Experts say while such incidents in turn encourage religious extremism, there are several instances where in institutions do engage in religious discrimination and fanaticism.  For example, a report published by Pakistan’s Sustainable Development Policy Institute (SDPI) maintains: “Four primary themes that emerge most strongly as constituting the bulk of the curricula and textbooks…are that Pakistan is for Muslims alone; Islamiat is to be forcibly taught to all the students, whatever their faith, including compulsory reading of Quran; the ideology of Pakistan are to be urged to take the path of Jehad and Shahadat.” In any civilized country, such reports could have been banned, but under subterfuge designs of Pakistani establishment, these are only allowed to spread and spawned.
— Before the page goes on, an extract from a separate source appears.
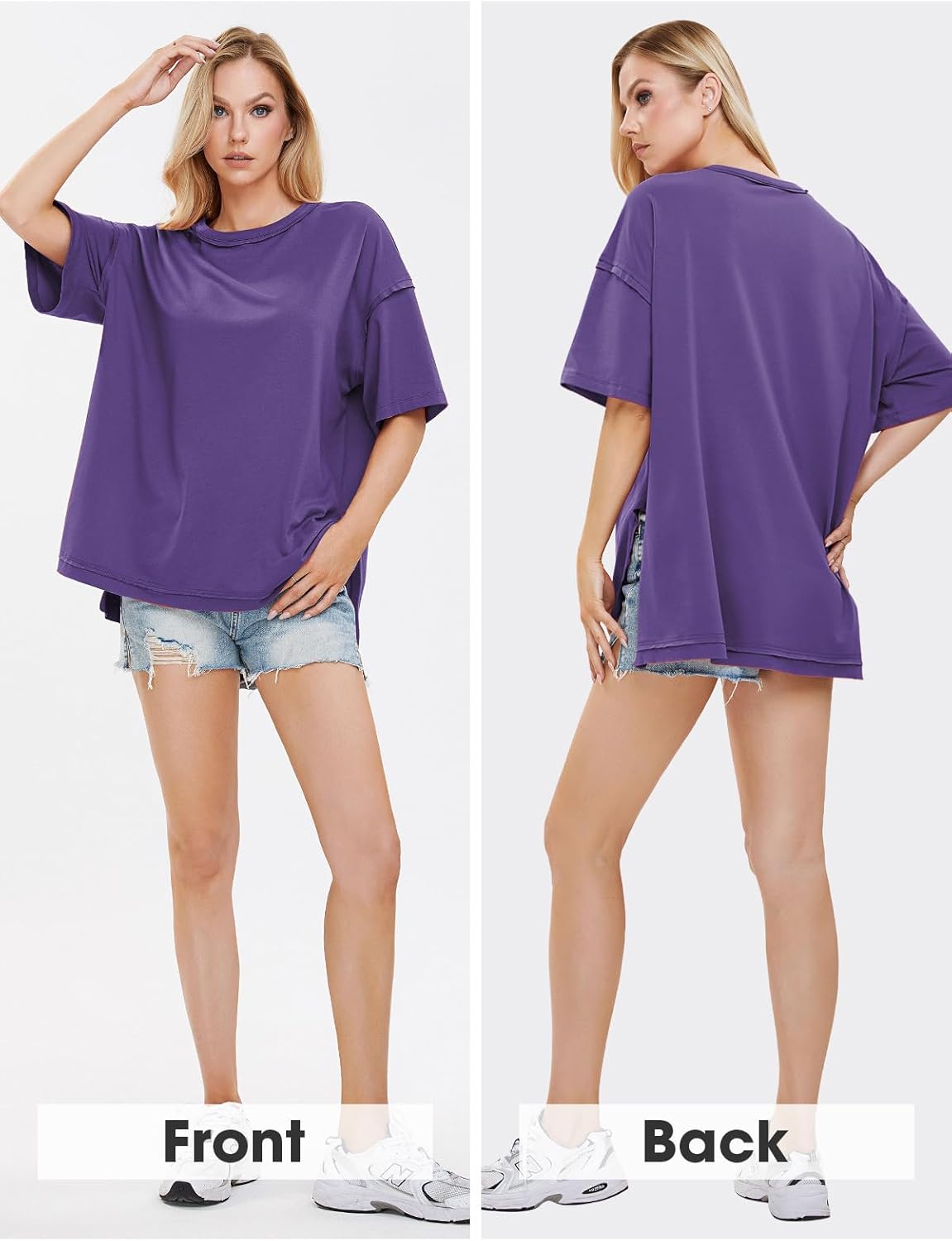 Womens Summer Oversized T Shirts 2025 Casual Short Sleeve Loose Maternity Tops Crewneck Tunic Plus Gym Workout Top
With this, harassment of minorities has also increased. For instances, a report suggests that approximately two million minority community members in Pakistan are compelled to pay regular sums, as ransom to extortionists and local leaders in exchange for the physical security of their families and themselves.

In general no job higher than a clerk’s post is usually given to minorities. It is said that no Hindu or Christian can run a business without having a Muslim as a silent partner. But more shocking is the report which suggests that at the time of partition in 1947, Hindu population was anywhere between 15 to 24 percent, but by 1998 (when last census exercise was carried out) it shrank to 1.60 percent. Obviously, they have either migrated to India or have been forcibly converted into Islam. And this would perhaps surprise none who knows Pakistan, its historicity, state policies and ground realities with religious identity often being conflated with nationalism. State policies exclude minorities from governance structures. Consequently, hardliners don’t hesitate to equate minorities with foreign countries or treat them as an enemy. Last year, after attacking the All Saints Church in Peshawar, the terrorist outfit Jundullah claimed: “They are the enemies of Islam, therefore we target them. We will continue our attacks on non-Muslims on Pakistani land.”   In this background, discrimination or targeting of minority community members could also be seen in the context of complicated distribution of resources, the flux in social structure and others. Whatever be the reason, however, Sikh community members have for now refused to lie low. They want their population’s official enumeration. Except for regretting Sikhs’ exclusion from the 1998 census, no commitment in their inclusion has been officially given by the Nawaz Sharif government. Therefore, it is in the realm of speculation as to what Pakistan’s state of affairs would be for its minorities.